- Opening Delimiter -
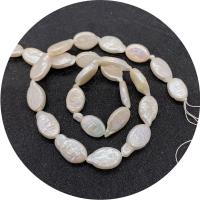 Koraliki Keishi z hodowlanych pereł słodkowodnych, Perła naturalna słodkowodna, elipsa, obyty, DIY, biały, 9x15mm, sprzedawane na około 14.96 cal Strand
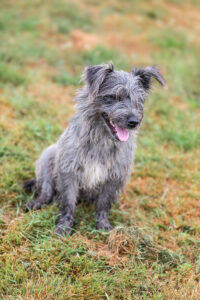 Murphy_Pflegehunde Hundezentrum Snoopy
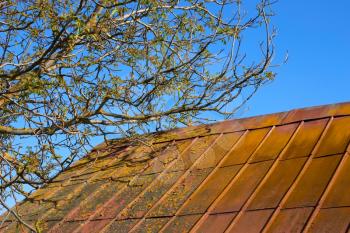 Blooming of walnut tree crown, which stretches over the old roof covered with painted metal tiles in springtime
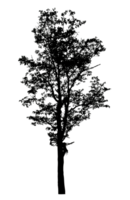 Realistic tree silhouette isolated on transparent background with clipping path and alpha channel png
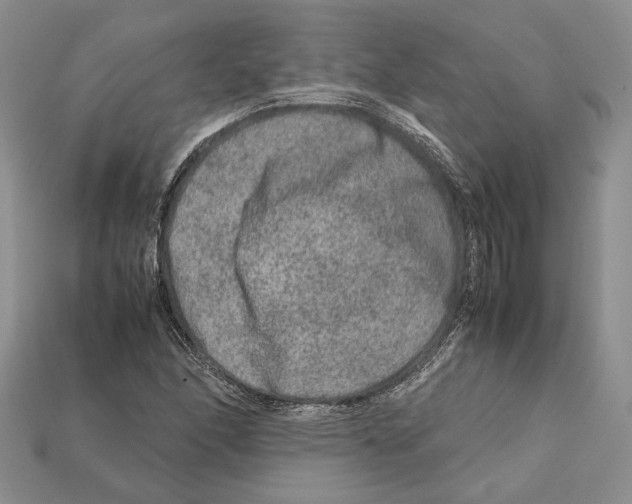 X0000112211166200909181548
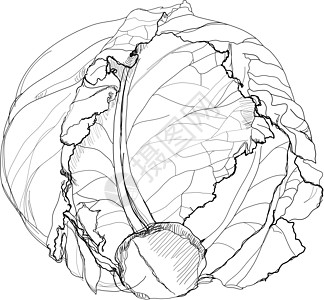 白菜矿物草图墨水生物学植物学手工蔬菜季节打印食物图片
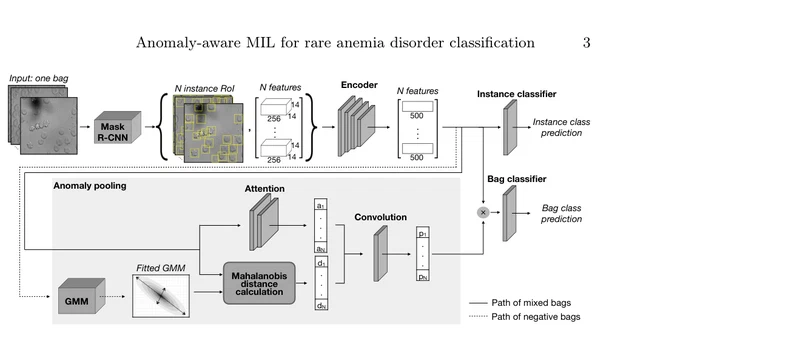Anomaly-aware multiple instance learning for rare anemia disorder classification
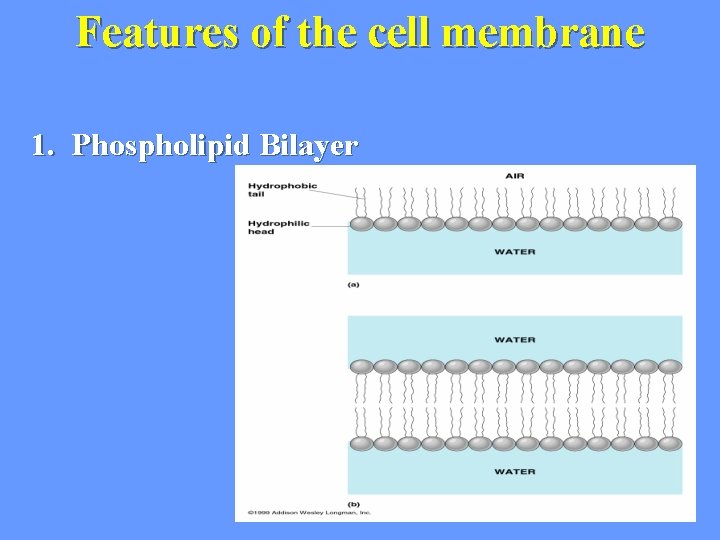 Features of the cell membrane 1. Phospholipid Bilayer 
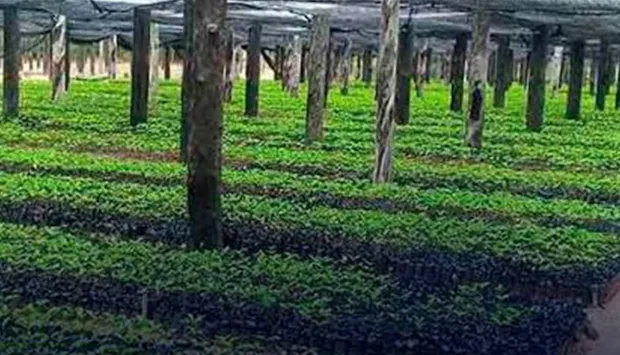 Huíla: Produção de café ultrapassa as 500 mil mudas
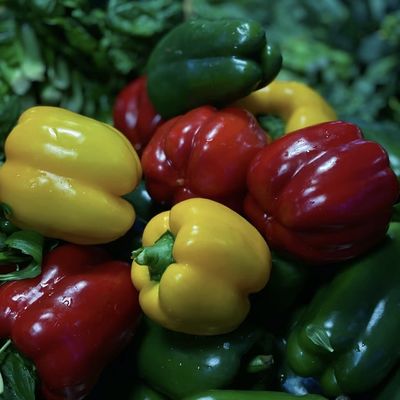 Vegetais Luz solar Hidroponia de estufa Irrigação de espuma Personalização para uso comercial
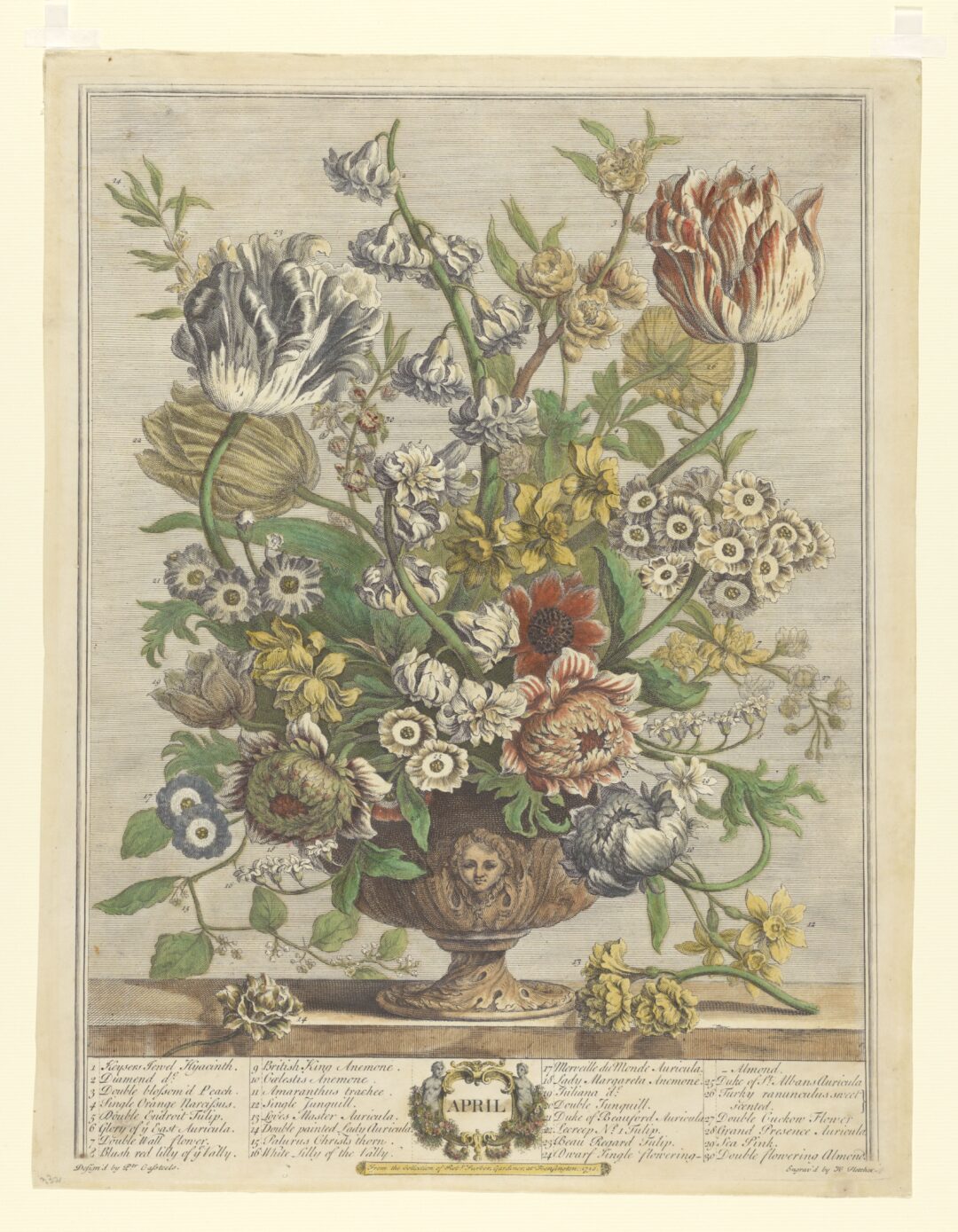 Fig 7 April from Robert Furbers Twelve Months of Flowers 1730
- Closing Delimiter -
**WORK TO BE COMPLETED**
Verbatim output of the entries is required, with each image left out.

**EXERCISE ANSWER**
 Koraliki Keishi z hodowlanych pereł słodkowodnych, Perła naturalna słodkowodna, elipsa, obyty, DIY, biały, 9x15mm, sprzedawane na około 14.96 cal Strand
 Murphy_Pflegehunde Hundezentrum Snoopy
 Blooming of walnut tree crown, which stretches over the old roof covered with painted metal tiles in springtime
 Realistic tree silhouette isolated on transparent background with clipping path and alpha channel png
 X0000112211166200909181548
 白菜矿物草图墨水生物学植物学手工蔬菜季节打印食物图片
Anomaly-aware multiple instance learning for rare anemia disorder classification
 Features of the cell membrane 1. Phospholipid Bilayer 
 Huíla: Produção de café ultrapassa as 500 mil mudas
 Vegetais Luz solar Hidroponia de estufa Irrigação de espuma Personalização para uso comercial
 Fig 7 April from Robert Furbers Twelve Months of Flowers 1730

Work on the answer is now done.